For more information on Gastronomica, please visit http://www.gastronomica.org"
Commentary by Joan Reardon
On Being Married to M.F.K. Fisher
Text by Donald
Friede .1
I very much doubt if
my mother will ever believe that we lived on anything except tenderly
poached pheasant’s breasts garnished with truffles, and followed by a
mousse of chestnuts, flavored with Kirsch and topped with whipped cream.
I am sure that she visualizes perfectly chilled Rhine wines and Champagnes,
varied with an occasional bottle of very superior Burgundy, as the accompaniment
to our every meal. And the icebox, in her mind’s eye, is always stocked
with luscious roast chickens and cold roast beef and pâtés and delicately
trembling aspics. As a matter of fact I am convinced that her view is
shared by all of my friends who have not actually stayed with us or visited
us. And I suppose that I must have had the same general picture of what
our gastronomical world is like.
It is perfectly true that
when we manage to make the necessary arrangements about sitters and such,
and do go down to Hollywood for a day or two, we luxuriate in the Haute
Cuisine of Romanoff’s or Perini’s. And our favorite dinner of Oysters
and Sauvignon Blanc, Squab Vert Pré and Pinot Noir - with an extra order
of watercress - and the best available cheese and bread and coffee and a
really good Biscuit Débouchet, is not exactly Spartan fare. But that is
as occasion meal, and treated as such, and looked forward to and remembered
with mouth-watering pleasure. Between times we live more simply. There
may not be haunches of venison available for midnight suppers, but somehow
they are not missed. For one thing midnight snacks are not part of a life
which includes two young children and a never-ending series of deadlines.
And for another - but it might be simpler to tell just what we do eat.
Our one point of difference
gastronomically is breakfast. To me that first meal of the day is an almost
obligatory sequence of fruit-eggs-toast-coffee - with the only desirable
variations being the actual elements themselves. MF (Mary Frances) feels
that breakfast is not so much a meal as a preamble to the day ahead. On
this very sound theory she may drink a glass of vermouth and eat a toasted
muffin, or she may decide that what she wants is a plate of hot buttered
zucchini. I have seen her start the day with a cold leg of Mallard duck,
carefully set aside the previous evening for that particular purpose,
and a glass of wine. But usually she will drink a cup of tea or a tall
glass of hot café-au-lait. And once she paid me the compliment of accepting
one of my poached eggs. But on the principle that each man chooses his
own poison we go our own ways at breakfast. The unpredictability of MF’s
first meal of the day is only matched by the complete predictability of
mine.
But from this point on there is complete agreement on the joys
of simple meals using the fresh ingredients which we can buy in our local
store and limited usually to one main dish.
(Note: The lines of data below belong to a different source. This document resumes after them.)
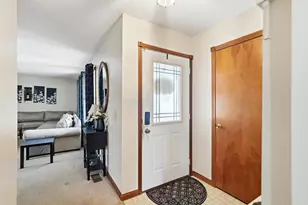 6258 Zachary Ave, Springfield, OH 45502 - Photo 7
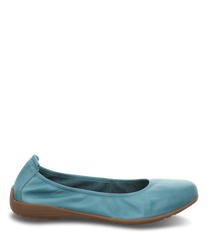 Azurblau ballerina-schoen van glad leer met elastische rubberen instap. De schoen heeft een bruine rubberen zool en subtiele stiksels.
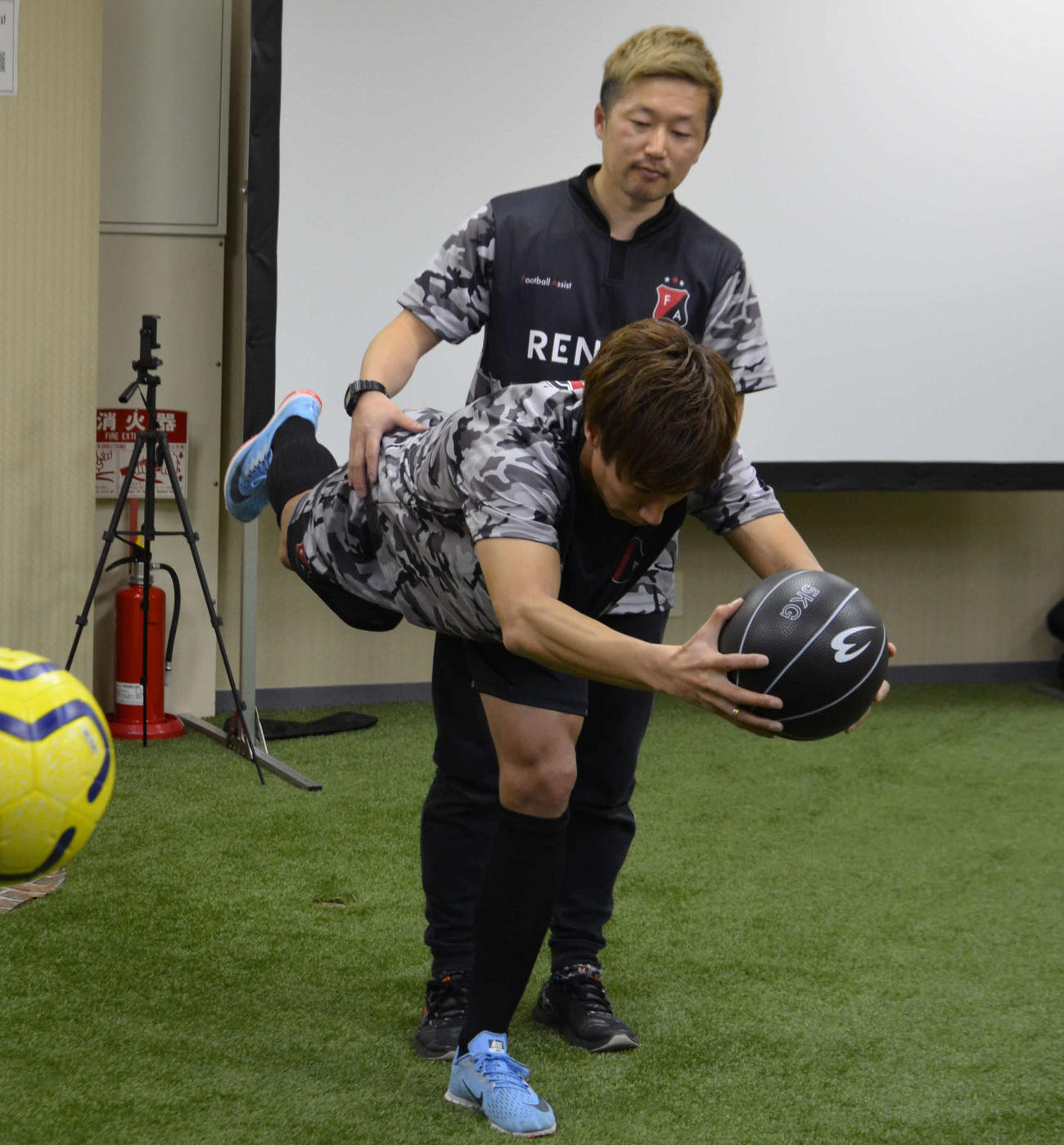 学生と共にトレーニングする横浜のMF大津（撮影・松尾幸之介）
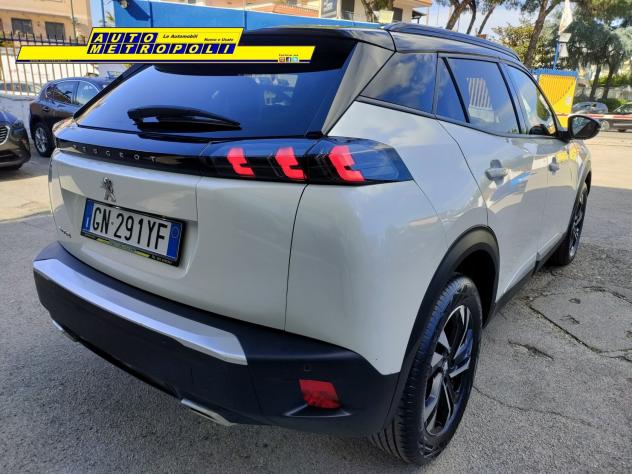 Peugeot 2008 1.2 130cv S&S EAT8 Allure (Automatica) - Foto 6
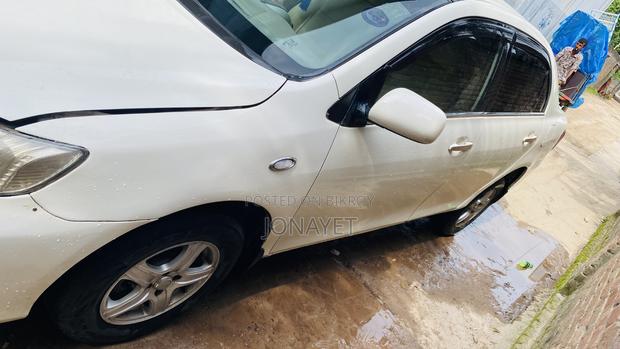 Toyota Axio 2007 White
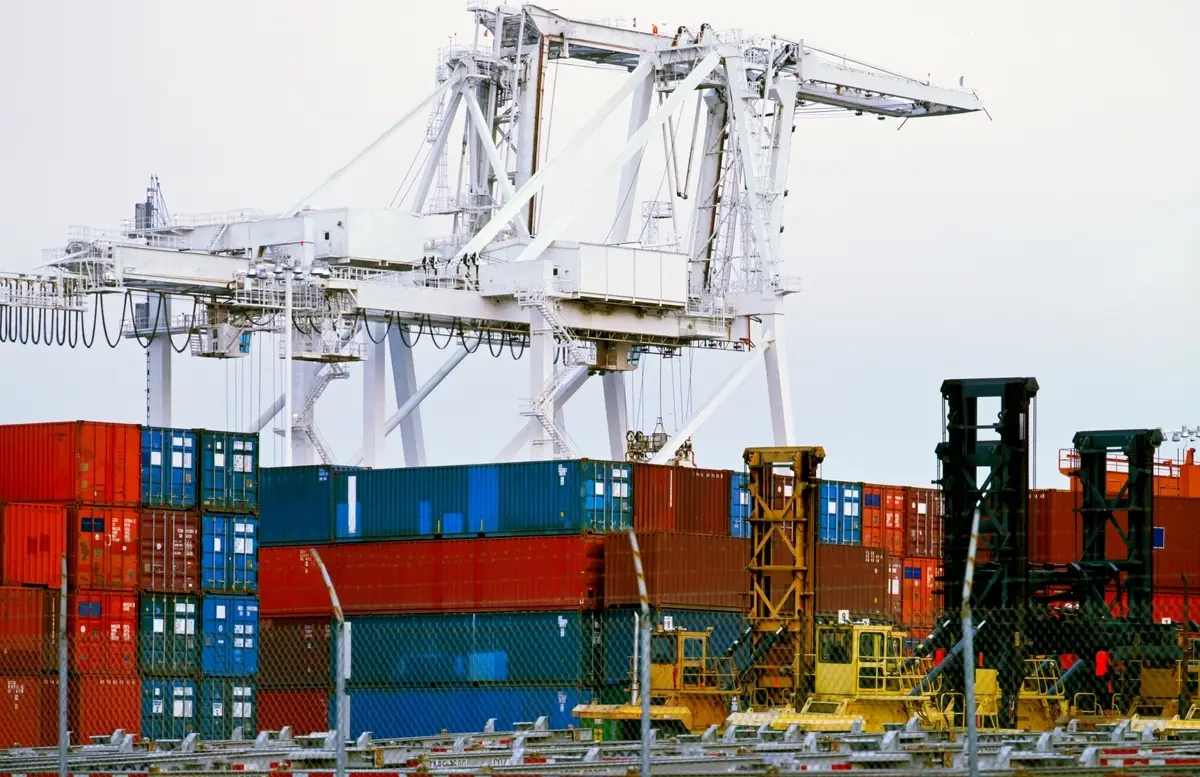 Мир стремится к тому, чтобы перестать замечать США – FT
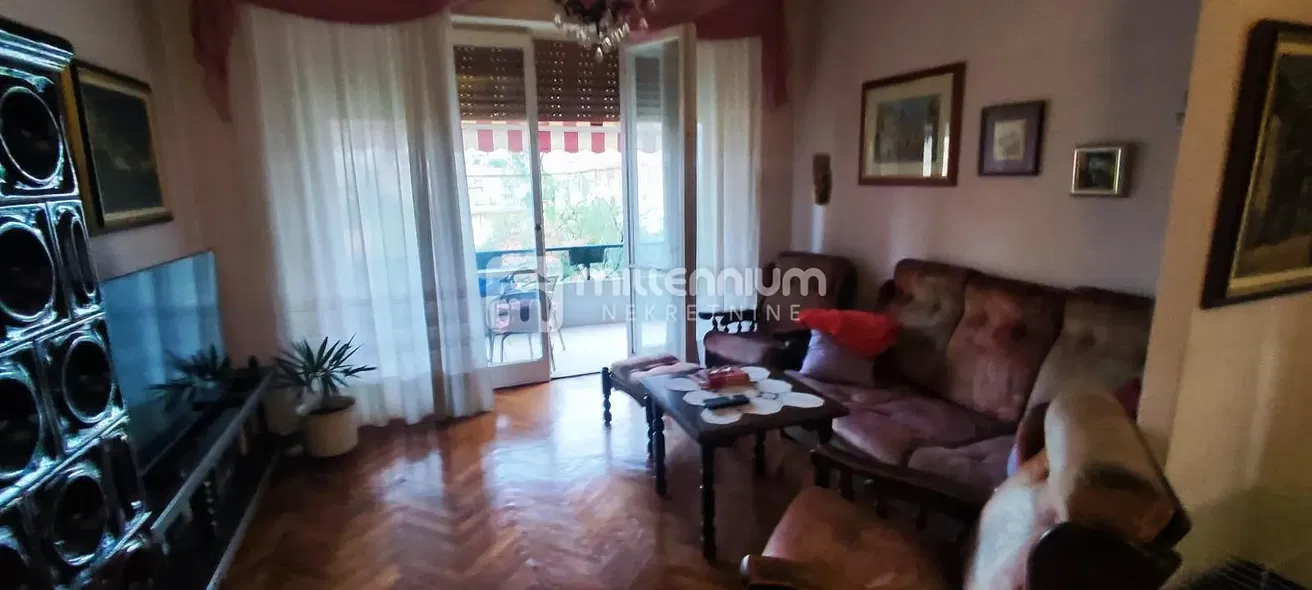 Oturma odası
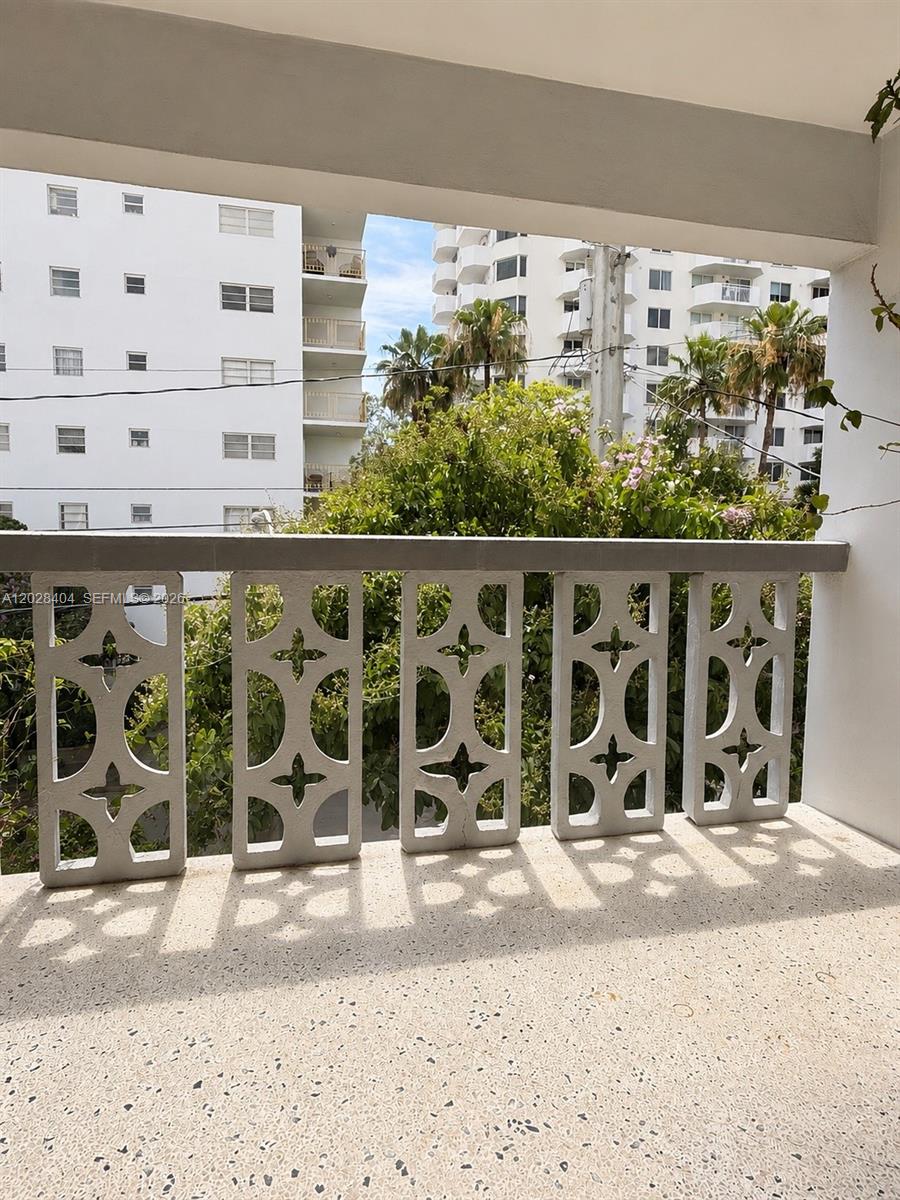 LINCOLN PLAZA CONDO - Residential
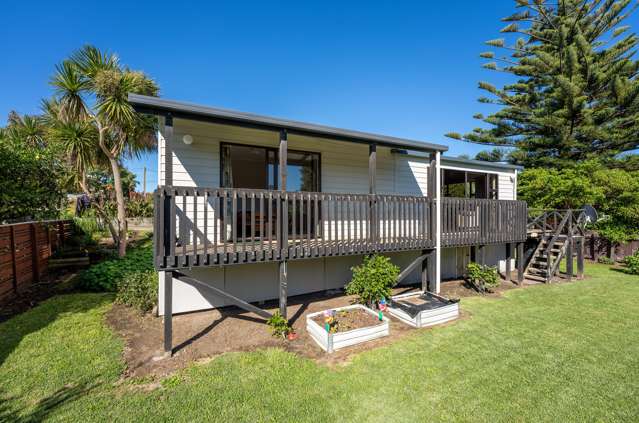 56b Tasman Road Otaki Beach_3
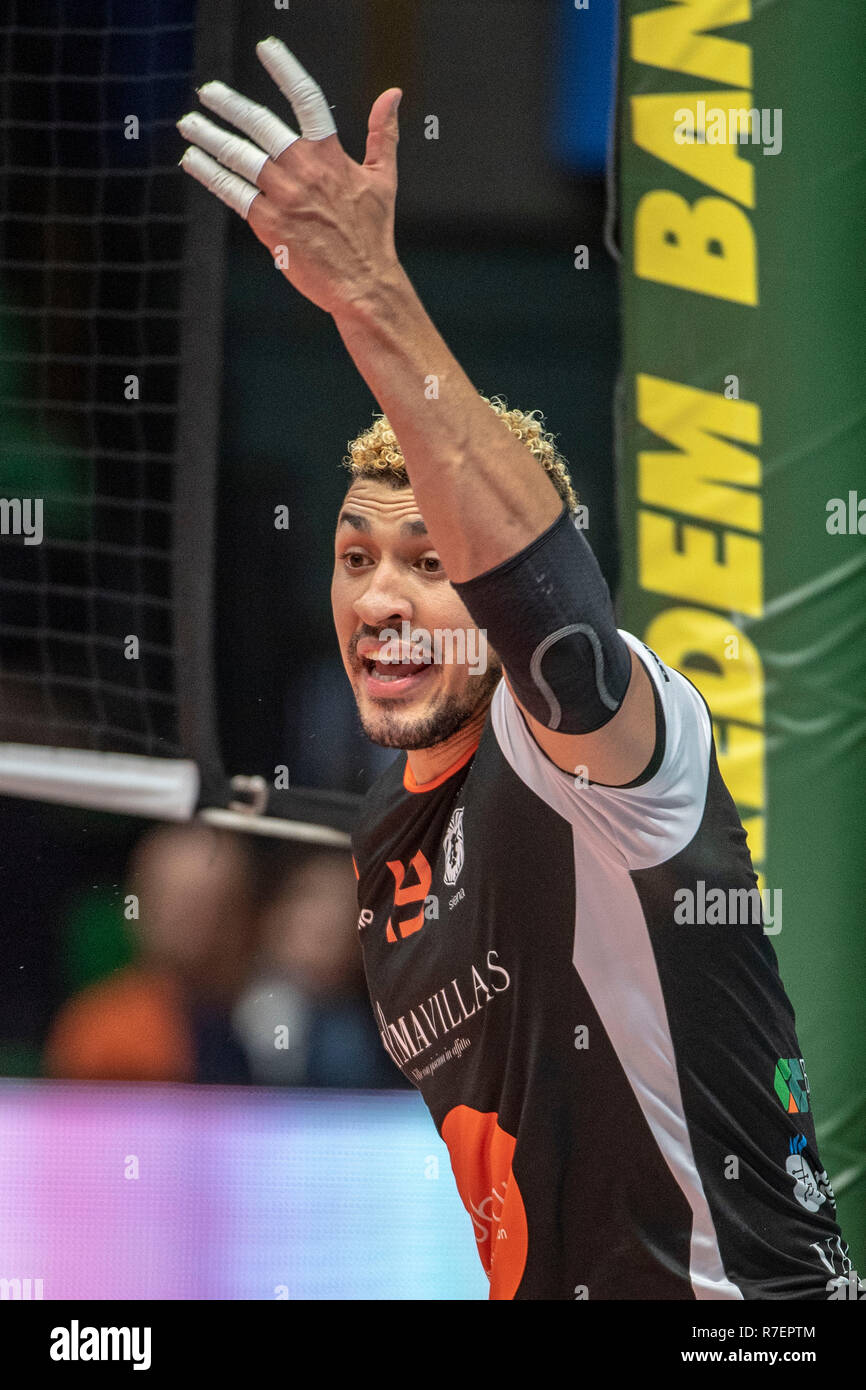 Modena, Italia. 8 Dic 2018. Fernando Hernandez di Siena durante l'italiano Uomini lega volley serie A1 (SuperLega UnipolSai) match tra Modena Volley ed Emma Ville Siena al PalaPanini a Modena il 8 dicembre 2018. Credito: Enrico Calderoni AFLO/sport/Alamy Live News Foto Stock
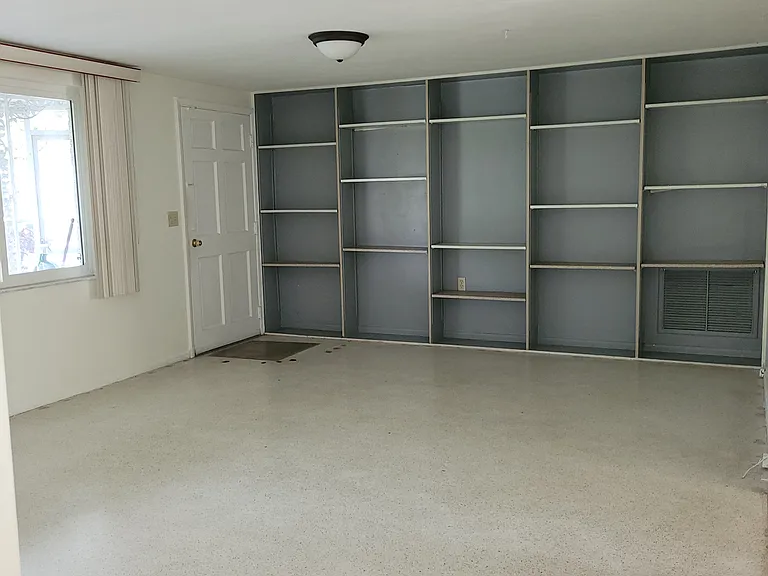 5113 Moog Rd — Photo 25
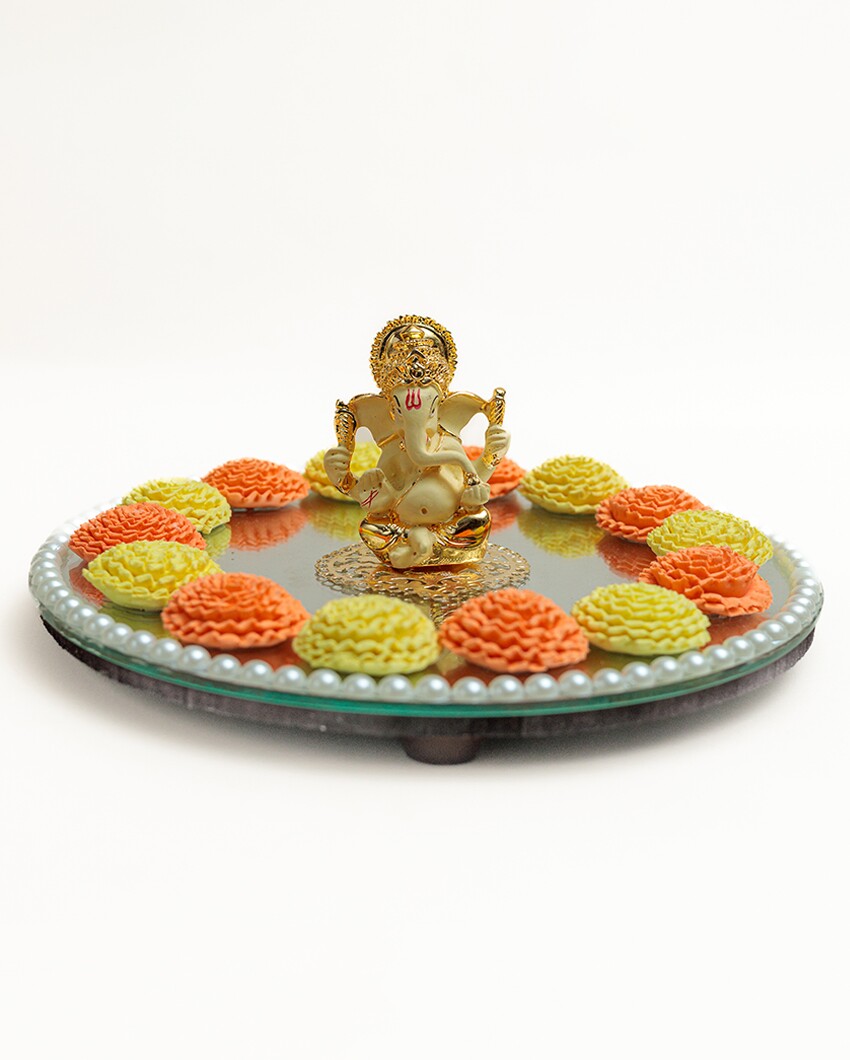 Charming Ganesha Idol Puja Decor | 8 x 2 inches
And why shouldn’t there be?
You are not very likely to argue if you know that you will sit down to
a lunch of lentil soup, with savory traces of onion and tomatoes and bay-leaves
and bits of smoked sausage and toasted sour dough bread both flavored
by and flavoring the soup served piping hot. Or it may be a salad of crisp
romaine or tender lettuce, with anchovies to add to the pleasures of the
dressing, and with the grains of fresh ground pepper adding their own
inimitable touch. And the wicker breadbasket with its napkin hiding the
contents will as likely as not prove to be filled with fluffy biscuits
baked with Parmesan cheese. Again it may be a freshly tossed bowl of chopped
chicory with bits of crisp bacon in the olive oil-vinegar-garlic salt
and ground pepper dressing. Or an equally tempting vegetable salad, or
cucumbers and sour cream, or cold roast leg of lamb with a tart salad
of beets and onions. And always beautiful cold fruit and grapes, or a
big slab of cheese and toasted bread and crackers. We work in the afternoons,
and so rarely drink anything before sundown. But we may have a glass or
vermouth, or of chilled Gray Riesling, or even a glass of our favorite
Red Tipo. And sometimes, when it is cold and rainy, we will have hot aromatic
tea, cup after delicious cup of it.
We do all right for dinner
too. Occasionally we may start with soup, a rich stock aromatic with pureed
tomato and spices and into which we put heaping spoonfuls of sour cream.
Or it may be flavored with clam juice or oyster sauce or minced clams.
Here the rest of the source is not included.